That's a pretty fancy lug design, I've seen it before but ferget. However, Bet-cha @juvela https://thecabe.com/forum/members/juvela.68776/
Ought to see this now and chime in.


----------



## Amanda Reckonwith (Jun 10, 2021)

Nervex Professional Lugs
					

Country: France Material: Steel Years: 1950's-1970's Condition: New old stock, mint conditions. Info: The set includes four pieces, head lugs, seat lug and bottom bracket shell




					monsieurvelo.es


----------



## TheWindrider (Jun 12, 2021)

Restore that babe. I have a ‘77 that is a crowd pleaser. You just don’t see many of these older ones.
Nice steal!


----------



## Jeff54 (Jun 14, 2021)

Oh boy, did you step into a can or worms!  Totally awesome that @Amanda Reckonwith got your lug ID.

And now, beginner's luck; An introduction to higher end, up scale, quality, hand made vintage collectible racing/road bikes.

All depending on how far you intend to ride this journey of discovery. Because, it takes you on a ride too : England, France, Italy,   US, Japan and Mexico. Plus known or unknown custom hand made racing machines from the 50's too early 70's, there's quit a bit of interest in all areas, in discovering who made it, where collectible value seems to peak in England.

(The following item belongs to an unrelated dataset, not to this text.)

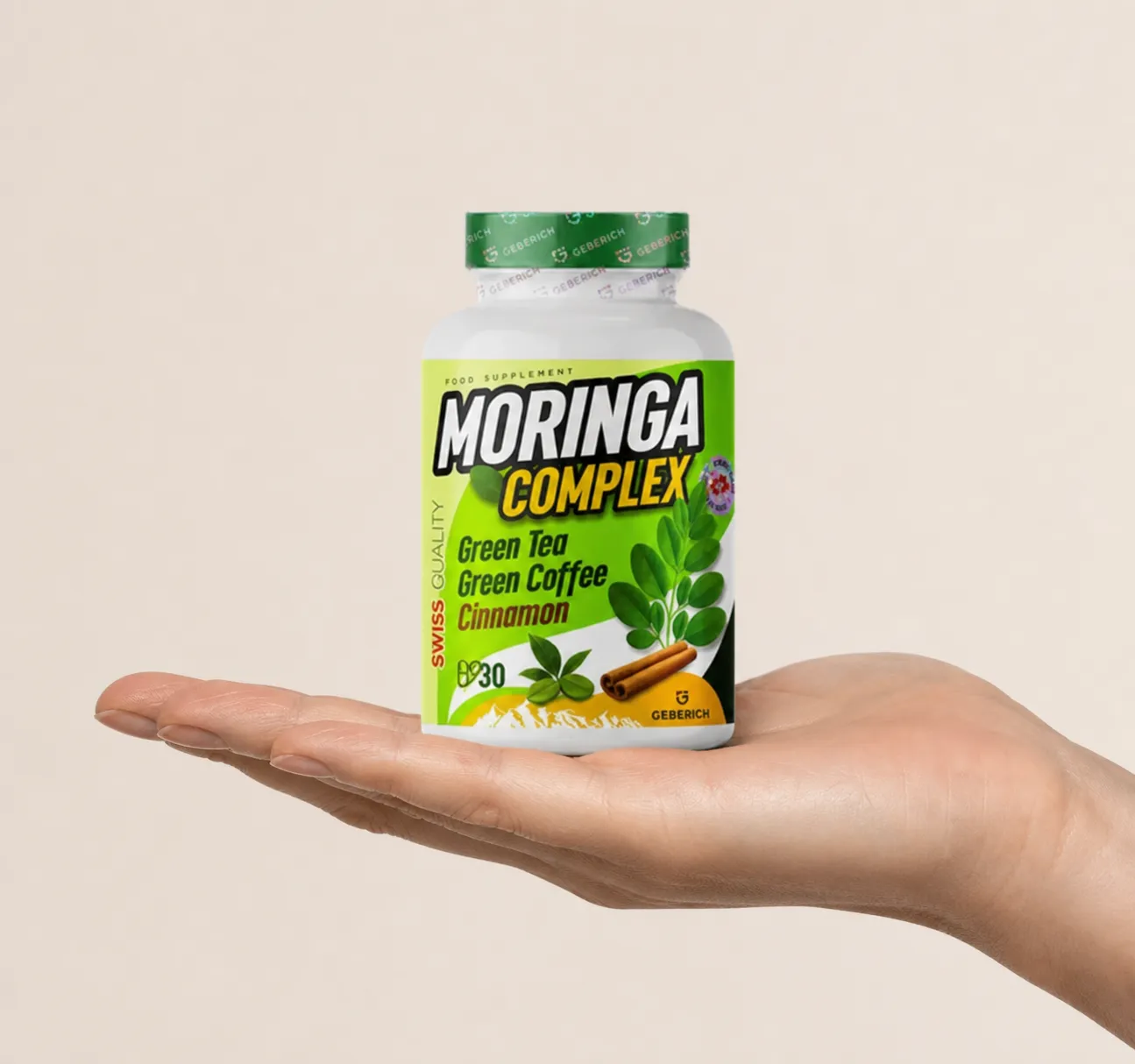 Moringa Complex — Verpackung in der Hand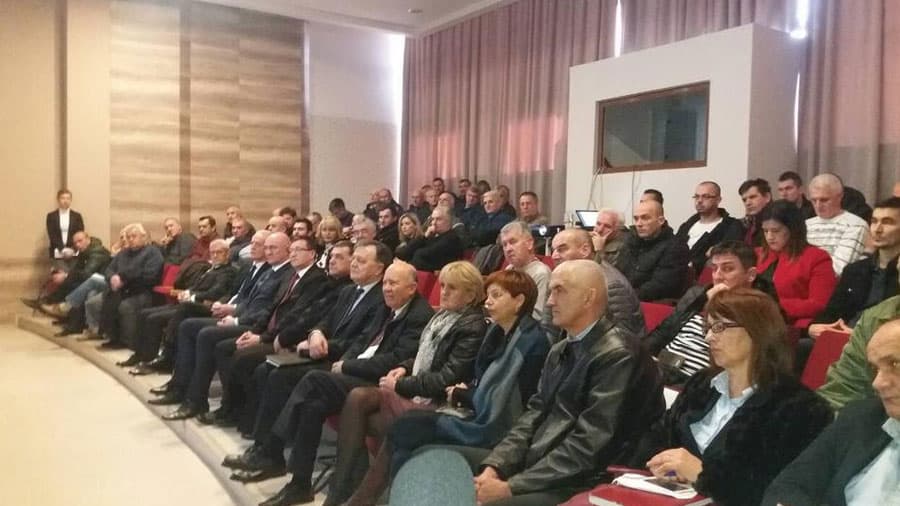 Ilustracija članka: Podravka braniteljima u BiH ponudila otkup tisuća tona voća i povrća, rade i na smilju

The keys to unlock the door may be right here or where this thread offers more links if the mystery is not resolved in it. :  https://www.bikeforums.net/classic-vintage/1156760-frame-id-nervex-3.html

And quicker, if your dare, which I would not, unless all else fails,  to scratch the front post for a decal or unique badge holes. A bit entwined if it depends on the parts to make the whole frame and current parts on it. Or, which I doubt will end in yours where, was finally proclaimed to be a mystery custom build. Yet the odds in the thread   are; it's British or perhaps, could be associated with a well known pro-racer.   It really is  a can of worms where, luck may end in a very serious score and or just a simple killer sore depending where the the die land, U can't loose.


----------